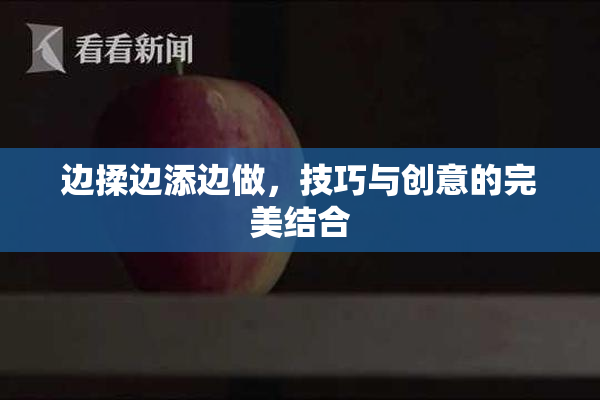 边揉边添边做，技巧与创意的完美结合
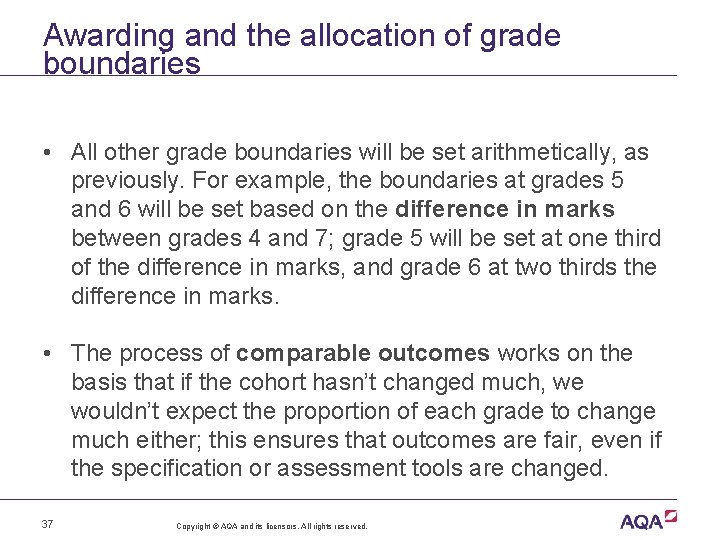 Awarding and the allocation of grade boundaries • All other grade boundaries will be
* * *
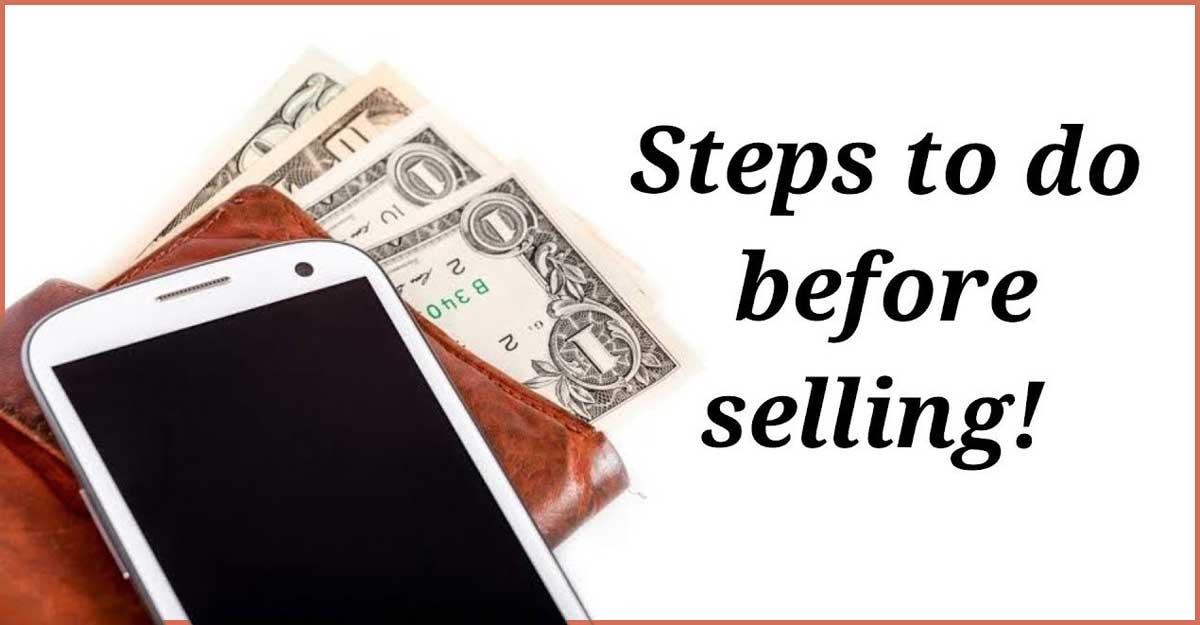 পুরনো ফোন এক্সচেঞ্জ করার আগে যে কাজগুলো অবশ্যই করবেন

WORK ORDER
From the records above, give again only the part that opens with the line containing "边揉边添边做，技巧与创意的完美结合" and closes with the line containing "Awarding and the". Keep both ends but drop the pictures.

EXERCISE RESULT
 边揉边添边做，技巧与创意的完美结合
 Awarding and the allocation of grade boundaries • All other grade boundaries will be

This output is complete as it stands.